# TASK BRIEF:
Please copy each line from the entries that contains the string "Quality".

BEGIN DATASET ENTRIES

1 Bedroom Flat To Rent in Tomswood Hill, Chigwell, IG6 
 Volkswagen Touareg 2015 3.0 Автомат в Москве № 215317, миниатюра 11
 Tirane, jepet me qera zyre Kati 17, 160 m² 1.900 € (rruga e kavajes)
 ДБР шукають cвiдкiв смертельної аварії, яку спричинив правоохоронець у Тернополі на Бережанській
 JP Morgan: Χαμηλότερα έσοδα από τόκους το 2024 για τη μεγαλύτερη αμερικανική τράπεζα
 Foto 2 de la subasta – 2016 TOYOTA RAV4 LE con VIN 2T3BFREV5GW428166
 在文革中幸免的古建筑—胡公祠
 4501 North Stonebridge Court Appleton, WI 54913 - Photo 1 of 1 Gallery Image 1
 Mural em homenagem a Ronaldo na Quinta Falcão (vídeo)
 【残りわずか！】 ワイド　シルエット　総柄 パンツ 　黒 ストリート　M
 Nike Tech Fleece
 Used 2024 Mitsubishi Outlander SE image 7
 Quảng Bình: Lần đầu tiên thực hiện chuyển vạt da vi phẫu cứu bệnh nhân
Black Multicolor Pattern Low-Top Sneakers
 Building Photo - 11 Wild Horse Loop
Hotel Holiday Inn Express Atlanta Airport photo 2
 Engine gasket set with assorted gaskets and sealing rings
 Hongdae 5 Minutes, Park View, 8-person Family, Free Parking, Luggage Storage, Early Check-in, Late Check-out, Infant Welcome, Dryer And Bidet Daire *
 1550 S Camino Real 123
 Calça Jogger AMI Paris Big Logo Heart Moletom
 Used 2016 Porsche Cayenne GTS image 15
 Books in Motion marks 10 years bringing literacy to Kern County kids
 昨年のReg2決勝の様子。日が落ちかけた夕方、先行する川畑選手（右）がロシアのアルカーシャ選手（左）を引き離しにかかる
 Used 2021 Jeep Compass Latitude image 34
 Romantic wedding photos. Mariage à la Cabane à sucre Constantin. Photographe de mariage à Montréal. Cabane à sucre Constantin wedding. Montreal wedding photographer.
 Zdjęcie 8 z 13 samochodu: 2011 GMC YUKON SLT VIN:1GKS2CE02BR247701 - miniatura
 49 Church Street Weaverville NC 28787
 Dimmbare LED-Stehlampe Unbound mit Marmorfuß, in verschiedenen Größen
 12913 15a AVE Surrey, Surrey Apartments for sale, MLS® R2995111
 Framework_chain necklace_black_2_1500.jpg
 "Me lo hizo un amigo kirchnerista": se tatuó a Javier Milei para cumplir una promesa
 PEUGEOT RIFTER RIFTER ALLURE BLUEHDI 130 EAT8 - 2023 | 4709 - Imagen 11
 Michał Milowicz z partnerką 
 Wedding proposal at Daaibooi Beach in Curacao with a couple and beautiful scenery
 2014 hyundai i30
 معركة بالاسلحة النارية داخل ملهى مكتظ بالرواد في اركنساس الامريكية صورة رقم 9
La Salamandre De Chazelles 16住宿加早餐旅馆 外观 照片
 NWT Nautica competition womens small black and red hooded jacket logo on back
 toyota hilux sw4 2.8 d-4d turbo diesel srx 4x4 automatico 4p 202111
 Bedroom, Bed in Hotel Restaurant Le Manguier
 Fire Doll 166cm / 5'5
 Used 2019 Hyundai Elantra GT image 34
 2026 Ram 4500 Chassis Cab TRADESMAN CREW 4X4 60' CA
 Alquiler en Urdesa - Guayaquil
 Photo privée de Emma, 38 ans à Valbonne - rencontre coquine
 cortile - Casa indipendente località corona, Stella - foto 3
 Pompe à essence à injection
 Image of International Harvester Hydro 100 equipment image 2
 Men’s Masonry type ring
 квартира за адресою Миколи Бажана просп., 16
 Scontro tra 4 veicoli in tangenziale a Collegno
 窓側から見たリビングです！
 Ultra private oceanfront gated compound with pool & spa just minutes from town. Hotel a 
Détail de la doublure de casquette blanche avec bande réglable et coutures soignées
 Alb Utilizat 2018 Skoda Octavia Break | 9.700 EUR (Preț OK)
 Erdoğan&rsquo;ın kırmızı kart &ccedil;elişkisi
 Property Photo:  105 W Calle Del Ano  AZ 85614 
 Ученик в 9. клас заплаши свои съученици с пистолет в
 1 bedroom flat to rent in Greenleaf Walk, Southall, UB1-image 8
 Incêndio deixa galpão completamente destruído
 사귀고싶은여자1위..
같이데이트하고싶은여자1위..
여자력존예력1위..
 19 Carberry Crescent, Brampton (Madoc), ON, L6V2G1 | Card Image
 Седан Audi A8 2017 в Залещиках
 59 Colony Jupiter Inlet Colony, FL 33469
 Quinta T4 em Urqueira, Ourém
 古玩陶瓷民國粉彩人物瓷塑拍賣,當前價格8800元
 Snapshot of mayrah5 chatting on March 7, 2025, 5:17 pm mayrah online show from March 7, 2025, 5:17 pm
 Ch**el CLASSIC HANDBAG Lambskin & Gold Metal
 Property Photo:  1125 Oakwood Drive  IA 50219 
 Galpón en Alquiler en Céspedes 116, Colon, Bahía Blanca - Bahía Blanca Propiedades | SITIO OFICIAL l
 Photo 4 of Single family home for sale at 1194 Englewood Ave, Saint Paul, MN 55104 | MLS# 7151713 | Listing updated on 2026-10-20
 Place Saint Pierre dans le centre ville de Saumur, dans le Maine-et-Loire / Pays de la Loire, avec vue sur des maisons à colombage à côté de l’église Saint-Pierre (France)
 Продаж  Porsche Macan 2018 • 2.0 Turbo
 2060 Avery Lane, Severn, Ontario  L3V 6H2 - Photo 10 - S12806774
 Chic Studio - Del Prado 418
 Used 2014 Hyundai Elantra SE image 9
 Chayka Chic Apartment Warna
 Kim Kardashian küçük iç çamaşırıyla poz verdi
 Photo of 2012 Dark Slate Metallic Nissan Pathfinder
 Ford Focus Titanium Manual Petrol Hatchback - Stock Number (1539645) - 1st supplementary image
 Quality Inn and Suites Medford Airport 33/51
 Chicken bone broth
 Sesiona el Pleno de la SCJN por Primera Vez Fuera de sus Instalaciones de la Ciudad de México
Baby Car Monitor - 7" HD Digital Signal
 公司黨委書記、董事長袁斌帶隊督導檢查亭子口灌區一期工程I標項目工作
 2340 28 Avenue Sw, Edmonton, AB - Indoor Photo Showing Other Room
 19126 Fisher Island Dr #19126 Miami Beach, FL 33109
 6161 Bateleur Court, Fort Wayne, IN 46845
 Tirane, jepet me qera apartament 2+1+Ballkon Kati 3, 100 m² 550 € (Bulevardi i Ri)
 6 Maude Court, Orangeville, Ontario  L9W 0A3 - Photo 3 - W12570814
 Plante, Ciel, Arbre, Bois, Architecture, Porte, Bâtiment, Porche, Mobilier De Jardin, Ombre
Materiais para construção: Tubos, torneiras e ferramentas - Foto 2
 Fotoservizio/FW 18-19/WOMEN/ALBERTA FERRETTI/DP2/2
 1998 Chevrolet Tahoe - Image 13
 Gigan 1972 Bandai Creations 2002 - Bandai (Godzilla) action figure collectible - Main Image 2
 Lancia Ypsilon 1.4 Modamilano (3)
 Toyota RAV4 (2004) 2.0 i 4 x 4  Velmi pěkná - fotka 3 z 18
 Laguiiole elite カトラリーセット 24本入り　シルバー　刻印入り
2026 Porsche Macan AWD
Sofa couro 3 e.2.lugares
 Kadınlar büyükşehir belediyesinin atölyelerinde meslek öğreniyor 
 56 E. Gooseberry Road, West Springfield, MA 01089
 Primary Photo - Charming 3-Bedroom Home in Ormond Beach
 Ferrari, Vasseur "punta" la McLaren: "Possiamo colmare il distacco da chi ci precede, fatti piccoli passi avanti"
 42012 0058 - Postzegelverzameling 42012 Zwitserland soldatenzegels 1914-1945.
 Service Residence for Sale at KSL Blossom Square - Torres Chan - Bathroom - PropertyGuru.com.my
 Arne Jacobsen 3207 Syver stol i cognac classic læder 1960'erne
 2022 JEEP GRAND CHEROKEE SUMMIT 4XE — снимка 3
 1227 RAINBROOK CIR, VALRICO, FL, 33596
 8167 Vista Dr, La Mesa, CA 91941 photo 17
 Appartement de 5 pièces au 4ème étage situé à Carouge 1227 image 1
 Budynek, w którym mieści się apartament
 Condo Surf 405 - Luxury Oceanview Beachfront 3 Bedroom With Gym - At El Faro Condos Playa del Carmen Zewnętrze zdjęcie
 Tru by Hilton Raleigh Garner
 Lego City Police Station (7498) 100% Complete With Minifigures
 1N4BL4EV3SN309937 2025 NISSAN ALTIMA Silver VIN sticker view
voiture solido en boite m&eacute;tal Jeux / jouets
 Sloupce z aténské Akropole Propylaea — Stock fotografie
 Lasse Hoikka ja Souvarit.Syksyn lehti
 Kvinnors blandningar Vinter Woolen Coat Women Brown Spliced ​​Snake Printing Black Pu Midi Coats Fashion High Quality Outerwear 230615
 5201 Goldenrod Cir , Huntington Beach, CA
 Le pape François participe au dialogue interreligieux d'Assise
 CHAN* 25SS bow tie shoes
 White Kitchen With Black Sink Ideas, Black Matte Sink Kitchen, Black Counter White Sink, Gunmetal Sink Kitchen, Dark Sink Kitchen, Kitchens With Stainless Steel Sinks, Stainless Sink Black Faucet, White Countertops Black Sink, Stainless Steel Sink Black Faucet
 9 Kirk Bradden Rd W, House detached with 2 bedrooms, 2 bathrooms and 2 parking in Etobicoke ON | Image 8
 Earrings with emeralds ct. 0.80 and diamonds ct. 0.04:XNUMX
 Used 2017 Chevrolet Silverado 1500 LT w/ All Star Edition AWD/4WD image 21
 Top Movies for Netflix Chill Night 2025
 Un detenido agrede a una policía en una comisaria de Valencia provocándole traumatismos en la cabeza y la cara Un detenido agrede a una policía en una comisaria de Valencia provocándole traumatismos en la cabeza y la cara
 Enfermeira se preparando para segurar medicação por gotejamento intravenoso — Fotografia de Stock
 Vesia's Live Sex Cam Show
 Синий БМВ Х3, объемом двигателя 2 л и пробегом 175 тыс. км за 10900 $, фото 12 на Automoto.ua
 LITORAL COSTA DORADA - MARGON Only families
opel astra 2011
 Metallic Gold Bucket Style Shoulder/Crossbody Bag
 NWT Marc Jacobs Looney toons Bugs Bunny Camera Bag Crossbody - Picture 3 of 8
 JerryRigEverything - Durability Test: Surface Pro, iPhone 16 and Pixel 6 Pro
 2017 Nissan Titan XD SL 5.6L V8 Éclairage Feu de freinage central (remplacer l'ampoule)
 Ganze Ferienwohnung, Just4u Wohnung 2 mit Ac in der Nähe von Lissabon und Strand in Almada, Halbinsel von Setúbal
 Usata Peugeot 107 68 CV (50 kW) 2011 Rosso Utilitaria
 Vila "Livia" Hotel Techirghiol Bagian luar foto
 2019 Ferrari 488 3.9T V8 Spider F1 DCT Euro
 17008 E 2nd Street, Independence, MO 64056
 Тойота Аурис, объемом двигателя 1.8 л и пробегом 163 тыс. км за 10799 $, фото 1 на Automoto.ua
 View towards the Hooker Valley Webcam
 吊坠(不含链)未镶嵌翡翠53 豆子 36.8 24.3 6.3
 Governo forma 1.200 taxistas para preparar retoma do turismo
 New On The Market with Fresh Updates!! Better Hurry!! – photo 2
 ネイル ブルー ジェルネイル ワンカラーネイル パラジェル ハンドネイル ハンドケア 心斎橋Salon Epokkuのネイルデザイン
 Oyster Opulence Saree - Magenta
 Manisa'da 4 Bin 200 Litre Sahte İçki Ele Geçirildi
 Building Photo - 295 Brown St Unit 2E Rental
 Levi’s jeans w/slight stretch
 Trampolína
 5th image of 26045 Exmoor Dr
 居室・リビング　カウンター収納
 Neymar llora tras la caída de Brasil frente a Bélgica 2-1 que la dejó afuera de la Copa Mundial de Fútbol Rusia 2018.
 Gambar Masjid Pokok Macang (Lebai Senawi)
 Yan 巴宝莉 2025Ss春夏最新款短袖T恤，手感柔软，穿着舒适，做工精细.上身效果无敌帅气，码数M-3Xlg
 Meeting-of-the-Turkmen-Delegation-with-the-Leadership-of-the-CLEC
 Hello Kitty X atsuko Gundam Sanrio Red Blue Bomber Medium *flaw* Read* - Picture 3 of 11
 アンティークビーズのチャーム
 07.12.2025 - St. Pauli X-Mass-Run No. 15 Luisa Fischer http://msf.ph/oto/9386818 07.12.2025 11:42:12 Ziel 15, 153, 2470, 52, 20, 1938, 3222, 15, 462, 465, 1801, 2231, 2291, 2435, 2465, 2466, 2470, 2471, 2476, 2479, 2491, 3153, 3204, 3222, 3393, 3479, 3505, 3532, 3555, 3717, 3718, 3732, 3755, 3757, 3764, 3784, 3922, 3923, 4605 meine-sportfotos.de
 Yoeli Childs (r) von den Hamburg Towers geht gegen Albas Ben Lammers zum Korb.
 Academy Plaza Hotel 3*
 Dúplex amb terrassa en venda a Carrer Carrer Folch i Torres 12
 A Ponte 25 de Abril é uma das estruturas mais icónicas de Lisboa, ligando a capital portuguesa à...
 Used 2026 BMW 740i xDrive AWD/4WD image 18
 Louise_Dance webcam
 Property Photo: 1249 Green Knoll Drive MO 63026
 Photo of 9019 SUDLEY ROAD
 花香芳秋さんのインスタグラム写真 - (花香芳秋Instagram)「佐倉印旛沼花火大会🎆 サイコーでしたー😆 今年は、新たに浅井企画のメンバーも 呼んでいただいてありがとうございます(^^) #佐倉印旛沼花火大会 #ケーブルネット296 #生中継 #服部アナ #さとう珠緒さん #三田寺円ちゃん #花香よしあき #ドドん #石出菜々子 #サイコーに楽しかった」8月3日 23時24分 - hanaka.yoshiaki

END DATASET ENTRIES

# SOLUTION BELOW:
 Quality Inn and Suites Medford Airport 33/51
 Kvinnors blandningar Vinter Woolen Coat Women Brown Spliced ​​Snake Printing Black Pu Midi Coats Fashion High Quality Outerwear 230615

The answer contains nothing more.